Recruiting may be a simple process but it’s never been easy. Even consistent top billers and corporate recruiting gurus will tell you that the job is a difficult one, regardless of how much they love it. So it’s mildly frustrating, I’m sure, when recruiters are told to do one thing, like say, recruit on social networks or try video recruiting, and in the same breath are told how legally unwise those choices are. Here are a few situations that are basically the talent acquisition version of the “sky falling”.
What the gurus say: “If you aren’t recruiting on social networks, you are missing the boat and will be left behind with the cavemen.” Take a look at this quote from the Jobvite blog:
…adoption has reached an all-time high. When we started polling human resources and recruitment professionals in 2008, roughly three out of four (78%) used social media. Now, it’s become nearly universal at 92%.
What the lawyers say: ” Often, recruiters are viewing and considering information that should not be utilized in the hiring process. LinkedIn is replete with information that should not be considered when searching for or selecting candidates.”
What’s between the lines: What you are hearing here are scare tactics and ones that work quite well. When someone with a juris doctorate tells me to be very careful about social media with quotes like this:
LinkedIn profiles likely contain photos of candidates and other information identifying a candidate’s race, ethnicity, age, disability, pregnancy, or religion. Federal and state anti-discrimination laws prohibit companies from using such non-work-related information when hiring.
I freak out. But as any level-headed practitioner will tell you, many of those things are obvious in an in-person interview anyway.
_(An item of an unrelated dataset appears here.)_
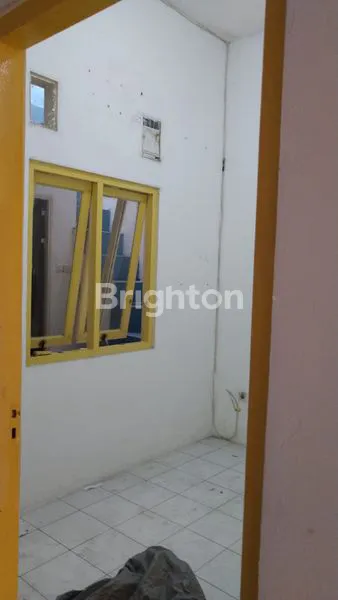 image RUMAH BARU RENOV SIAP HUNI DENGAN HARGA TERJANGKAU DENGAN LOKASI STRATEGIS DI CITRALAND SELANGKAH KE JLLB SURABAYA (2)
So calm down and realize that while it may sound scary, they are really saying “Use your common sense and only check out the person’s professional credentials to do the job.”
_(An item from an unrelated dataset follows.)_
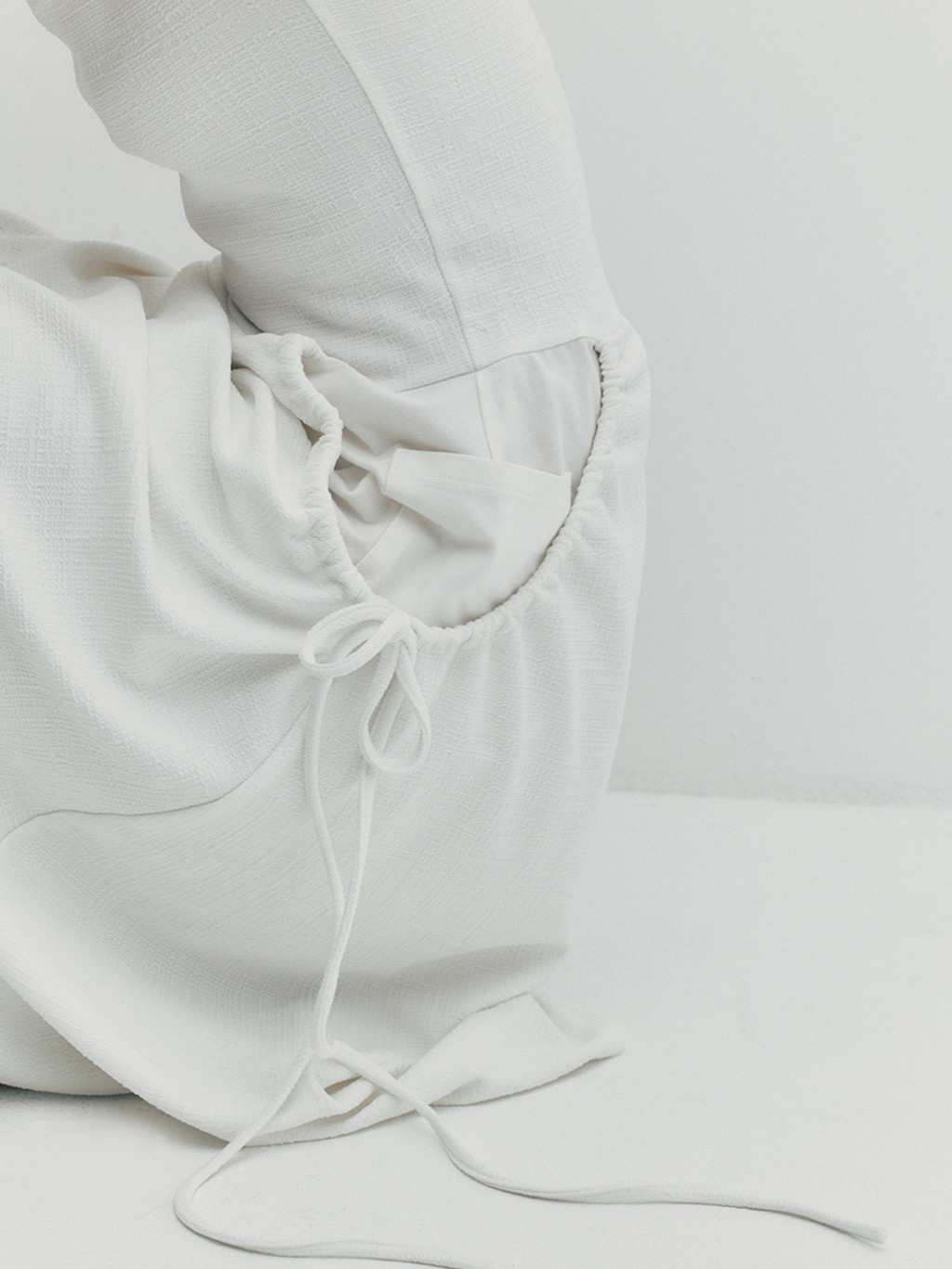 ★MEENDERI★SHIRRING POCKET MAXI DRESS - WHITE★正規品/人気 MEENDERI] SHIRRING POCKET MAXI DRESS - WHITE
What the gurus say: “Video technology in recruiting is the next frontier. It costs less, creates a better bond and will transform your screening process.”
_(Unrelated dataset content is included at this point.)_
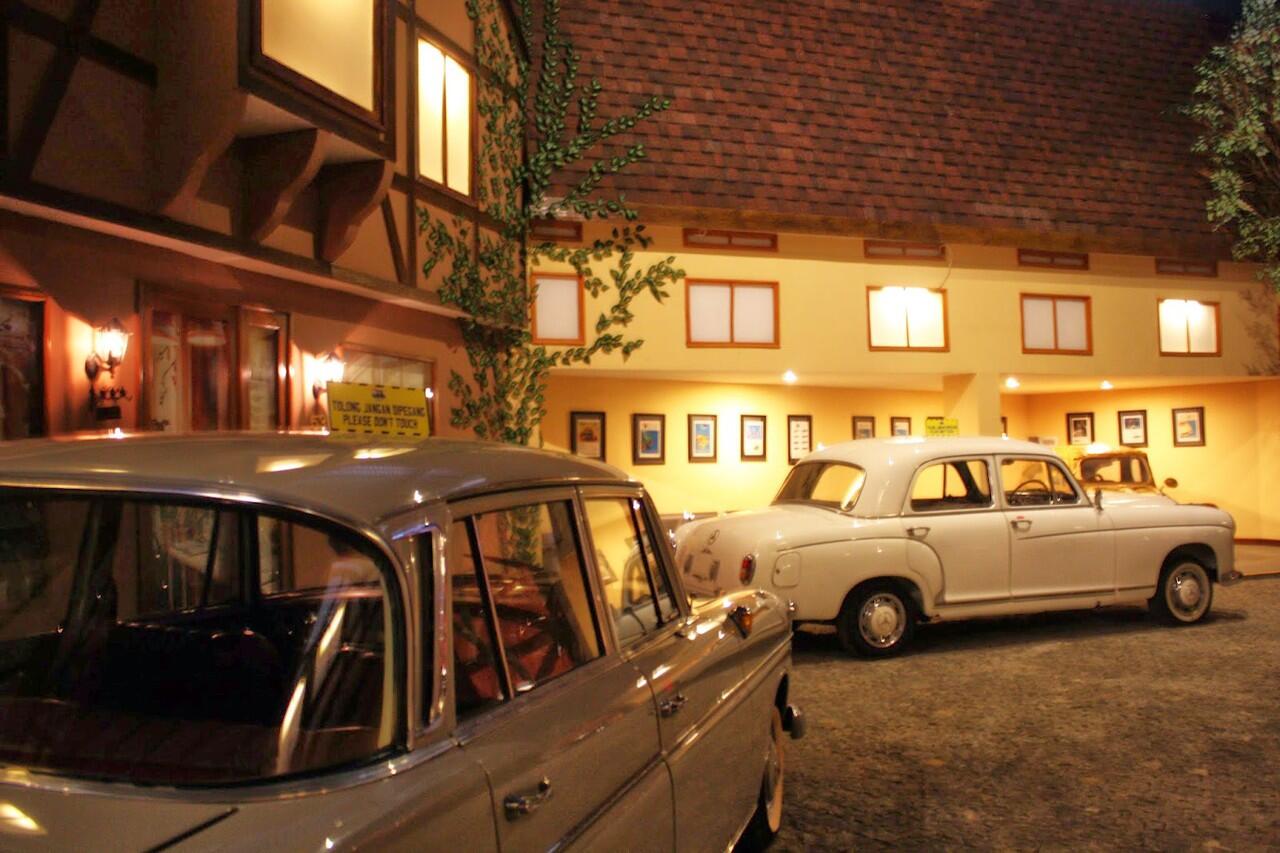 Museum Angkut Batu - Senyum Hangat Dari Si &quot;Besi Tua&quot;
What the lawyers say: “Using video in the recruiting process can open you up to a wide range of discrimination claims and possibly violate EEOC.”
Between the lines: HR practitioners are getting some very bad advice like this (in reference to video resumes, which really are not that great of an idea):
If a video résumé comes across your computer, hit the delete button. That’s the advice labor and employment attorneys are giving employers and human resources professionals about video résumés, the latest job-searching trend that has employers nationwide both intrigued — and scratching their heads. But lawyers are warning employers that video résumés can open a slew of discrimination claims.
The premise behind the above statement remains the same whether you are discussing live video interviewing, two-way screening services or panel interviews. In the eyes of legal pundits, all are potentially threatening, but why when the EEOC itself came out with this statement nearly four years ago?
The point is that firms intent on discriminating will find a way to do it, whether based on a paper resume, a videotape or an in-person visit. Industry analyst John Sumser thinks he knows why there are so many concerned statements couched in scary language.
“The people who are claiming there are issues here are the lawyers, who you don’t hear anything from…is the government.”
Meaning when the sky is really falling, we’ll be sure to let you know. Until then, structure your recruiting process so it’s non-discriminatory no matter WHAT technology you choose to use.